Q: Are you avidly looking for bands to sign and if so, where can we reach you?

A: I wouldn’t say avidly but I do want to hear from you if you make left field music that has a meaning of sorts. Mindless white noise or shouty rap with dope beats won’t get far with me! I’m always at metal but please do listen to some of the catalogue first to know that you are in the MP ballpark

Q: So I’m a bored Gen-Y teen. I’m already tired of Pokemon Go, sick of that Lee Hazlewood/Nancy Sinatra LP my ‘think-they’re-hip’ parents keep playing and I want to hear something completely out of this world – Who should I be listening to and where can I buy it (keeping in mind I like to support artists so am willing to pay)…?

A: Ok that’s easy – Let’s start with a new MP act . Digital Suicide from India are the bees knees. There’s no point trying to describe them just listen

And also new Portland (OR) band Honeybucket who’s debut album “Magical World” is due in the Fall. Talking of which, that’s how I describe them – an American suburban version of the Fall with their own sound and aesthetic . I just sent out the following track to College & Indie Radio in the US and we have received back a slew of complaints about un-tuned guitars and general whinging which always means you are on the right track ! (

Other current acts I’m mad about:

Salary (Perth) This track Mini-Moke is beyond wonderful.

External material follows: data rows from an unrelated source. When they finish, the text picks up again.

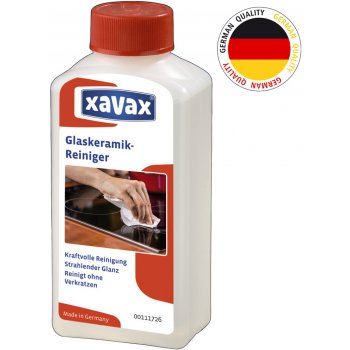 Xavax 111784 čistič sklokeramických dosiek 250 ml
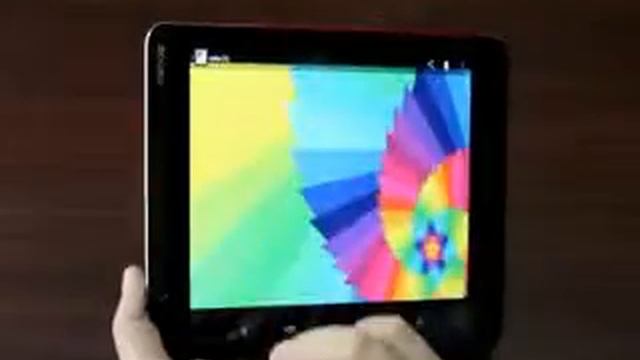 www.EXWdeal.com Ramos K1 Tablet PC 7 85 IPS Android 4 2 Quad Core 2MP+5MP смотреть онлайн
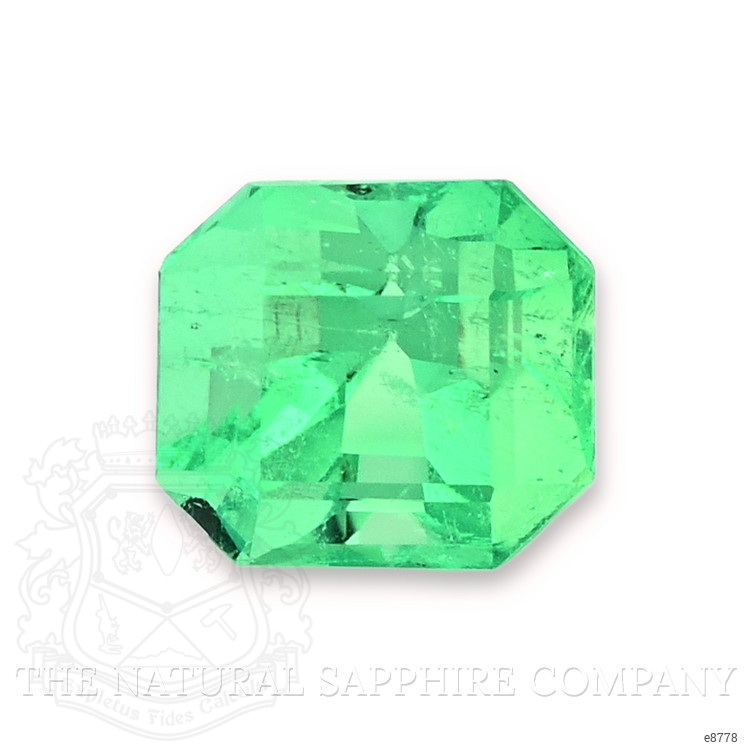 0.91 Ct. Emerald from Colombia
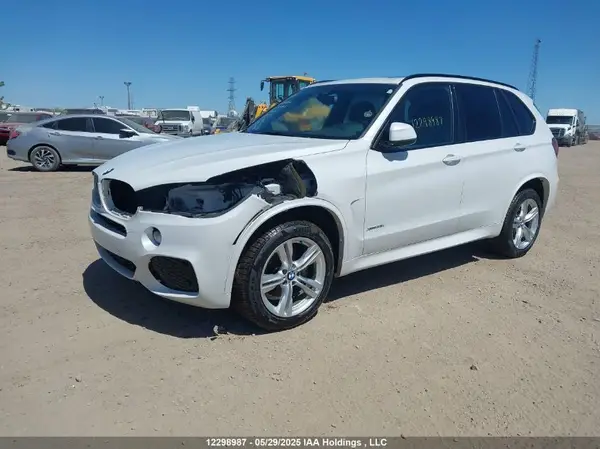 5UXKR0C32H0V80320 2017 BMW X5 - Image 2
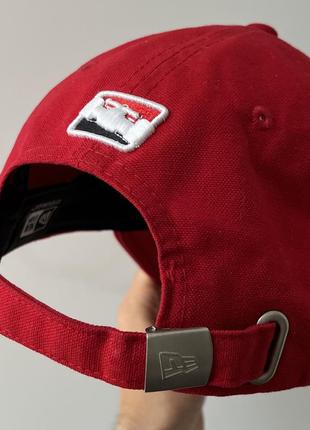 New era indycar racing baseball cap кепка бейсболка снепбек капелюх оригінал нова щільна перегони target chip ganassi7 фото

Peter Bibby (Melb) Listen to Goodbye Johnny.

Dream Herbs ( Walthamstow – London) New on Metal Postcard soon – influenced by Syd Barrett, Hawkwind, Black Flag, Sabbath – designed to annoy hipsters.

Loom ( Norwich UK) producer on Peckham’s GobStopper Records . In my book the best label on the planet at the moment:

Psycho Comedy ( Liverpool UK) Smells Like Teen Spirit !.. goosbumps everytime I watch (

Rabbit Island ( Perth) I’d be happy if this was the last thing I heard before I died..

Q: I’m going to end with a question that’s become a bit of a theme with me lately, but I’m always intrigued by the answers I receive: You have one album to listen to from now until forever; what will it be?

A: This is nigh on impossible but I’d have to go for a double album to get as much music as possible and if it’s a double album it’ll have to be The White Album.

Thanks Sean!

So there you have it kids – Collect your allowance and get online. Just stay out of mummy’s wine!